DATASET CONTENT
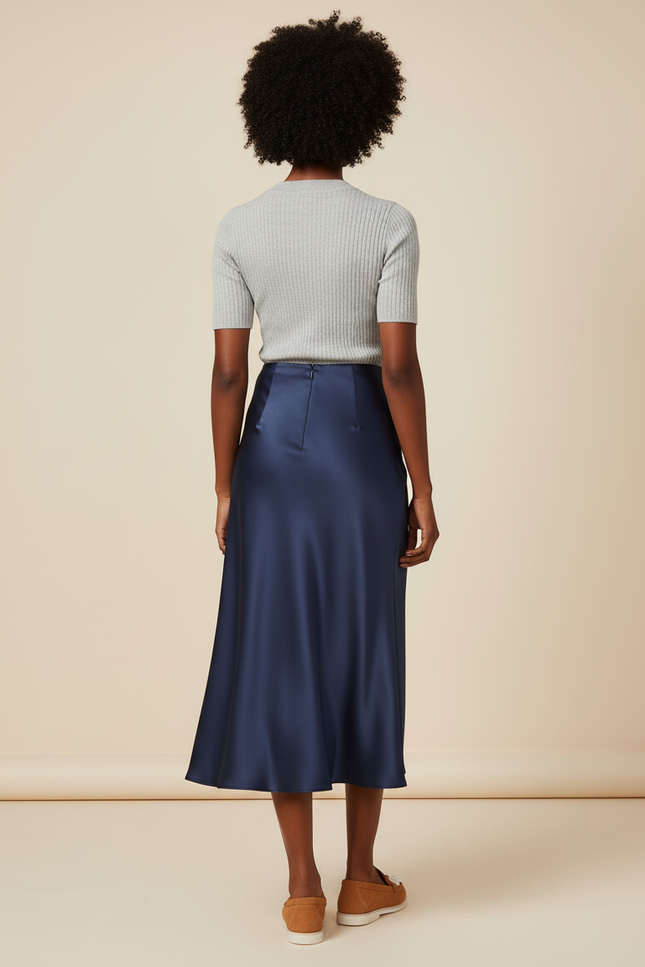 Jupe Longue Satin Bleu Marine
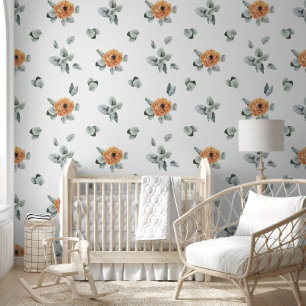 Cute Boho Terracotta Floral & Greenery Nursery Wallpaper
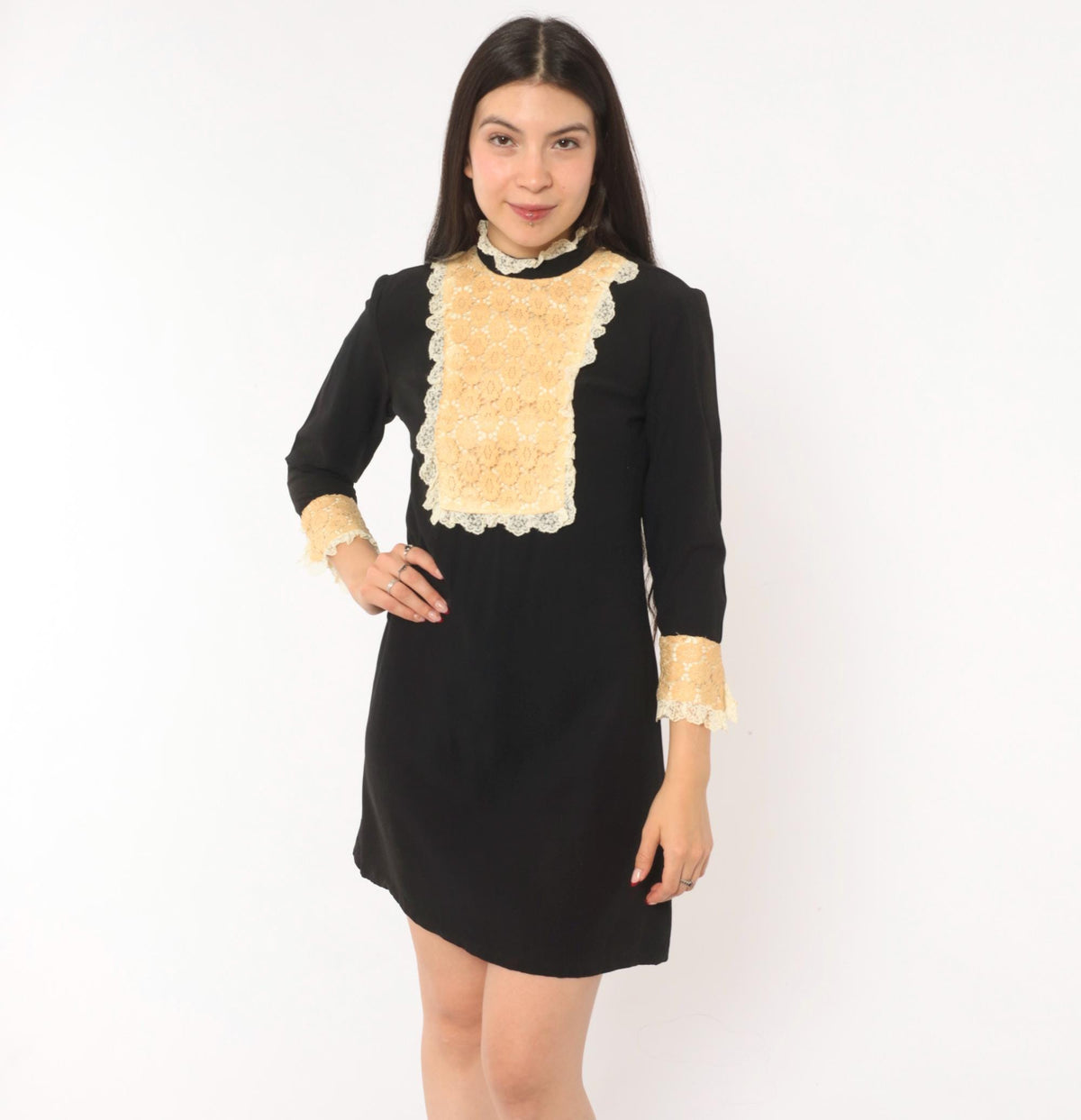 60s Black Mini Shift Dress Cream Lace Bib Mock Neck Ruffle Cuff Extra Small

YOUR TASK
The whole listing above should be restated word for word, minus any images.

SOLVED PROBLEM
 Jupe Longue Satin Bleu Marine
 Cute Boho Terracotta Floral & Greenery Nursery Wallpaper
 60s Black Mini Shift Dress Cream Lace Bib Mock Neck Ruffle Cuff Extra Small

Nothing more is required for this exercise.